> **Problem requirements**
Set down every record below exactly as it appears, but without the pictures.

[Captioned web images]
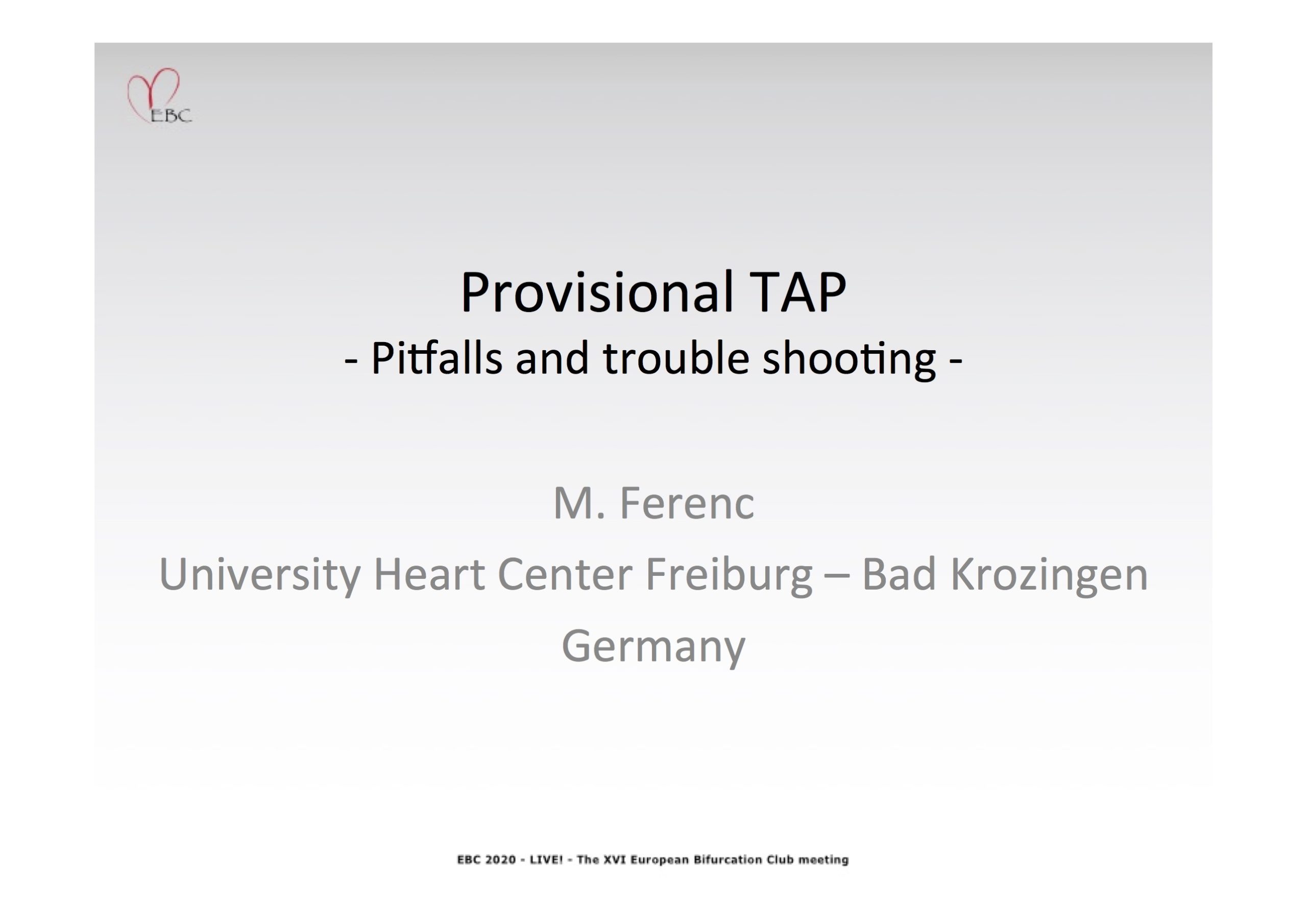 You are currently viewing Provisional TAP: Choices, pitfalls and troubleshooting – Dr Miroslav Ferenc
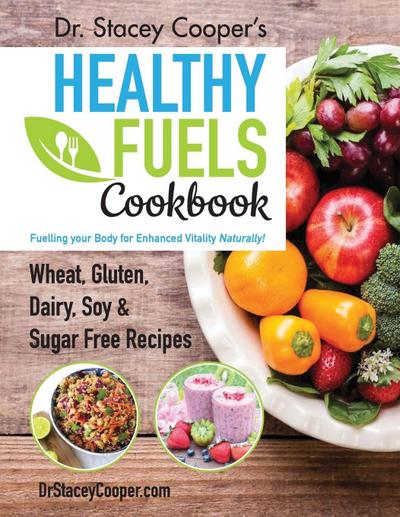 Dr. Stacey Cooper’s Healthy Fuels Cookbook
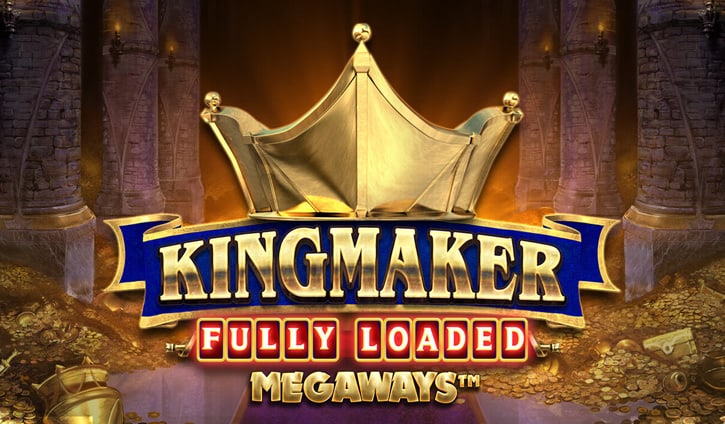 Kingmaker Fully Loaded Megaways Slot – Demo & Review slot cover image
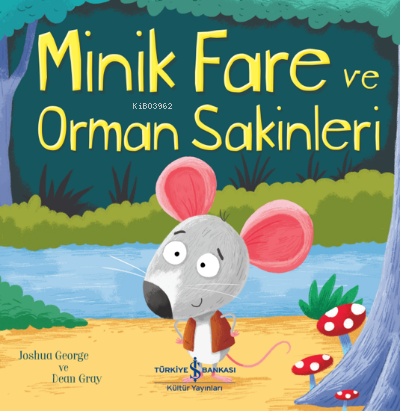 Minik Fare ve Orman Sakinleri Joshua George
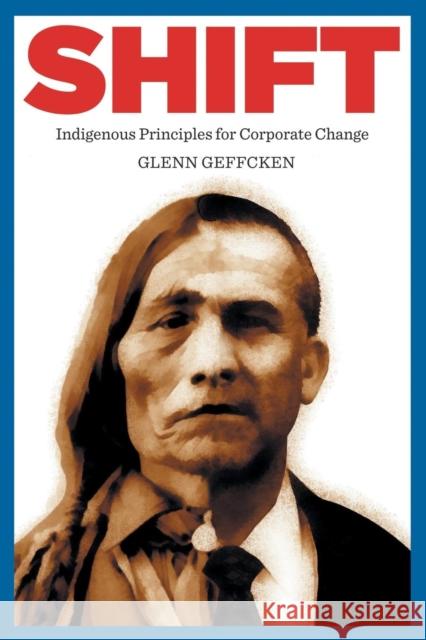 Shift: Indigenous Principles for Corporate Change Geffcken, Glenn 9781491726617 iUniverse.com - książka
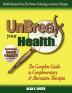 UnBreak Your Health: The Complete Guide to Complementary & Alternative Therapies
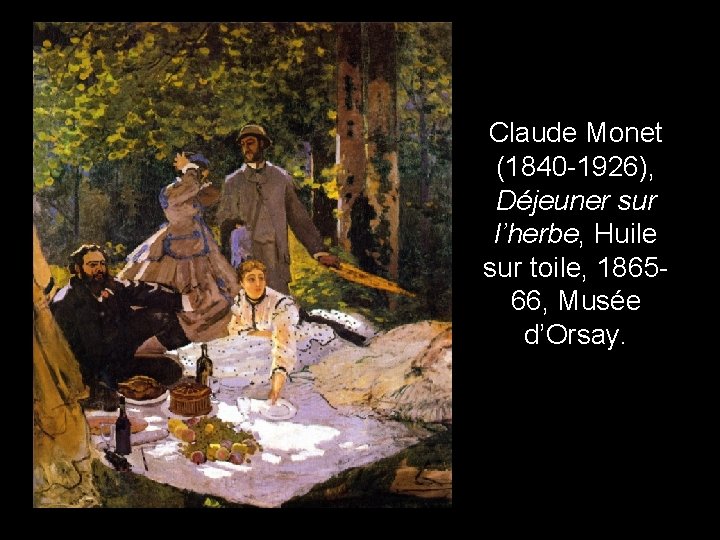 Claude Monet (1840 -1926), Déjeuner sur l’herbe, Huile sur toile, 186566, Musée d’Orsay. 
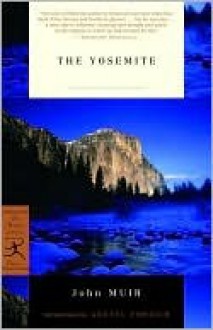 The Yosemite - John Muir, Gretel Ehrlich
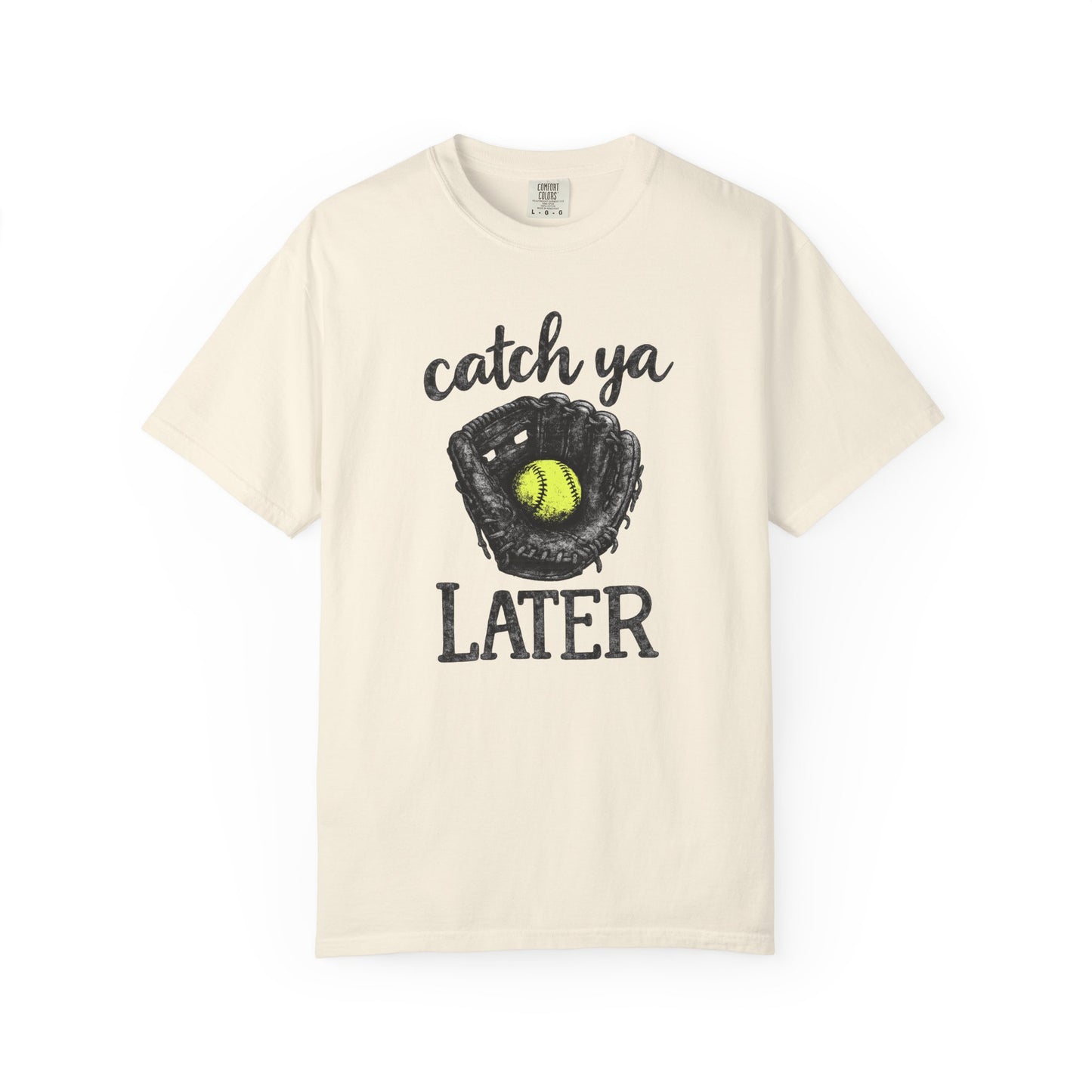 Catch Ya Later Softball Tee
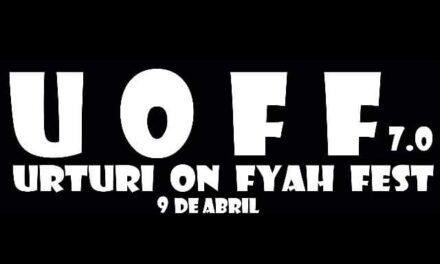 UOFF Urturi On Fyah Fest 7.0 (Urturi apirilak 9 de abril)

> **Problem solution**
 You are currently viewing Provisional TAP: Choices, pitfalls and troubleshooting – Dr Miroslav Ferenc
 Dr. Stacey Cooper’s Healthy Fuels Cookbook
 Kingmaker Fully Loaded Megaways Slot – Demo & Review slot cover image
 Minik Fare ve Orman Sakinleri Joshua George
 Shift: Indigenous Principles for Corporate Change Geffcken, Glenn 9781491726617 iUniverse.com - książka
 UnBreak Your Health: The Complete Guide to Complementary & Alternative Therapies
 Claude Monet (1840 -1926), Déjeuner sur l’herbe, Huile sur toile, 186566, Musée d’Orsay. 
 The Yosemite - John Muir, Gretel Ehrlich
 Catch Ya Later Softball Tee
 UOFF Urturi On Fyah Fest 7.0 (Urturi apirilak 9 de abril)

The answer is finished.